I looked at the earth quake quick split at menards for 599 plus they had the 11% off . I really thought long and hard as what I wanted to do. I kept thinking it would take me a long time to cut enough wood to pay for a $1000 to pay off buying a huskee and the 599 plus 11% off looked like a heck of a deal. But the main reason I was getting a bigger splitter wasnt for the easy to split logs it was for those huge whoop butt logs with knots and stringy ones as I got into a batch of stringy hickory. I had a small task force splitter I took back as two bolts holding that bracket for the tube the log sits on stripped out where its screwed into the side of the main beam/tank.  The  verticle option isnt needed for most logs but the Huskee will go horizontal also. But once again the main reason for the bigger splitter was for the logs you cant hardly pick up and are hard to split if they have knots plus those big ones have lots of pieces of wood in them. So my main hold back was the cost but yours is the space. So its a little different. But the cost thing went away when  you look at the huskee and see its built so heavy duty its gonna last for a long long time and resale value will stay up. So since I got around $210 off my new huskee I will be able to sell it some day and recoop alot of my money so my money worries went away. After seeing the huskee the quick splitter looked frail.


----------



## Hogwildz (Feb 28, 2012)

Pete,
Mine is a North Star I believe. I think Northern Tool sells them. I bought it used off my neighbor. He paid $1,600.00 new for it. Its looks like the equivalent of their 30 ton nowadays.
It is an older one, not sure the year. I am not sure if they make them with the wedge on the end of the beam anymore.
The Swisher you linked to actually does not look like a bad deal. Myself, I could not deal with a permanent vertical though.
If your not in a rush, you may want to keep your eye out on Craigs list. I have seen a few round here come & go, some junk, some decent. And decent prices.
I could have had a like new 22 ton Huskee a couple years ago, went back 2 days later, and gone.
TSC usually has a special on them at certain times for 999 w/ 100 off.
I just don't like the way they have them set up these days. The extension is short, the wedge is on the ram, and the damn wheels & axle are right where you stand to work.
Mine has all work room and standing area free, nothing to stand over, or trip on. I also like the centered top lever & valve body. I can operate it from either side.
Northern Tool does have a 32 ton with wedge on end & log lift but steeply priced at $2,500.00


----------



## Huntindog1 (Feb 28, 2012)

I know your needing a smaller one but Menards just put their 22 ton horiz/vertical splitter on sale for 799


----------



## Jags (Feb 28, 2012)

Iron and Oak makes a 15 ton splitter that is relatively small.  I and O has a great reputation for quality.

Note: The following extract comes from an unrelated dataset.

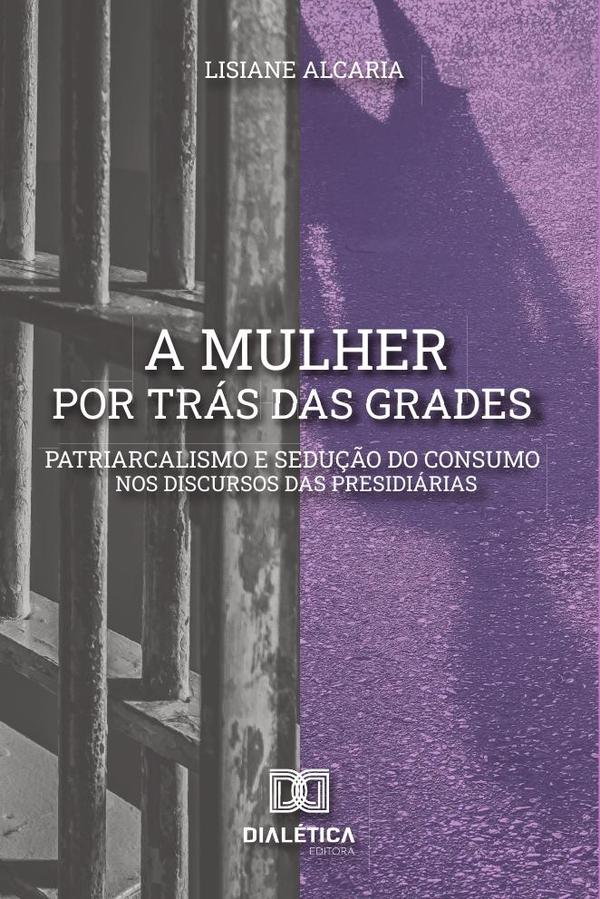 A mulher por trás das grades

Edit: UGG - I just found another site that has some specs on the earthquake.  25 second cycle time with NO return detent on the valve.  That alone is a deal breaker for me. 1.5 gal tank for hydro juice also makes me think "Light duty". $739

On the flip side, the I & O is 8 sec cycle time, return detent and 2.25 gal tank.  Has available log cradle (not so with earthquake). $1050.  A $300 difference.


----------



## Jags (Feb 28, 2012)

Brave might also jingle your jollys:
http://www.braveproducts.com/itemde...tegory&categoryid=103&parentid;=&searchtext;=


----------



## Backwoods Savage (Feb 28, 2012)

wkpoor said:
			
		

> I need to make a vid to show a splitting technique that is both fast and efficient that can't be done vertical. Its one of those things that just can't be explained so if I can get around to it I'll make the vid. On the other hand I need a vid showing me how rassling a round on the ground is more efficient. To me its like the difference between working on a project on a bench or doing it on the floor. Even if I'm sitting down its on a chair to work at the table.

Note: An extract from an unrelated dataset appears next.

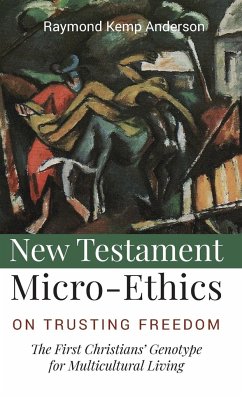 New Testament Micro-Ethics - Anderson, Raymond Kemp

I think you might be an old farm boy. Have you ever wrestled the old milk cans filled with milk? Those you don't lift if you don't have to. You roll them....just like you should roll a round to the splitter.


----------



## Huntindog1 (Feb 28, 2012)

here is free shipping on that iron and oak

http://www.woodsplittersdirect.com/product_info.php?cPath=2_62&products_id=202


----------



## Pallet Pete (Feb 29, 2012)

Hogwildz said:
			
		

> Pete,
> Mine is a North Star I believe. I think Northern Tool sells them. I bought it used off my neighbor. He paid $1,600.00 new for it. Its looks like the equivalent of their 30 ton nowadays.
> It is an older one, not sure the year. I am not sure if they make them with the wedge on the end of the beam anymore.
> The Swisher you linked to actually does not look like a bad deal. Myself, I could not deal with a permanent vertical though.
> ...



I have to admit north star splitters look really nice! but they are way out of my price range sadly. Craigslist hunting I will go! Some how it didn't even occur to me to look there sheesh where is my brain this week. Thanks Hogwildz !

Pete


----------



## Pallet Pete (Feb 29, 2012)

Huntindog1 said:
			
		

> I know your needing a smaller one but Menards just put their 22 ton horiz/vertical splitter on sale for 799



I will have to check that out I wasn't aware of that sale. Thanks for the pointer!

Pete


----------



## Pallet Pete (Feb 29, 2012)

Jags said:
			
		

> Brave might also jingle your jollys:
> http://www.braveproducts.com/itemde...tegory&categoryid=103&parentid;=&searchtext;=



Wow Jags thats a new one I might actually like there splitters being low down a little less lifting involved and low down for the big rounds. I am gonna check those out as well thanks!

pete


----------



## Hogwildz (Feb 29, 2012)

Got Tired of looking at my name! said:
			
		

> Jags said:
> 
> 
> 
> ...



Damn, for that much, you could damn near get a new Huskee 22 ton at TSC. And they do vertical & horizontal. But they are with the wedge on ram and wheels at your feet.


----------



## Pallet Pete (Feb 29, 2012)

I have used my friends Huskee and it is very impressive splitter but a big space eater as well. I am looking at the swisher 12 ton pretty seriously at this point because of the small form factor and power it has. I wish I had more room to store a big one   :shut:


----------



## Hogwildz (Feb 29, 2012)

Got Tired of looking at my name! said:
			
		

> I have used my friends Huskee and it is very impressive splitter but a big space eater as well. I am looking at the swisher 12 ton pretty seriously at this point because of the small form factor and power it has. I wish I had more room to store a big one   :shut:


Ah, I forgot you have space issues. The Huskee is out then.


----------



## BrianK (Mar 8, 2012)

There is an Ardisam splitter listed on the Ohio Craigslist for $425 OBO: http://toledo.craigslist.org/grd/2886759922.html


----------



## Dunragit (Mar 8, 2012)

Huntindog1 said:
			
		

> here is free shipping on that iron and oak
> 
> http://www.woodsplittersdirect.com/product_info.php?cPath=2_62&products_id=202



I am putting mine together right now.


----------



## Pallet Pete (Mar 8, 2012)

Dunragit said:
			
		

> Huntindog1 said:
> 
> 
> 
> ...



Let me know how it works for ya dunragit ? It is still on my list !

Pete


----------



## greythorn3 (Mar 8, 2012)

them troybuilt ones lowes sells garbage?


----------



## Pallet Pete (Mar 9, 2012)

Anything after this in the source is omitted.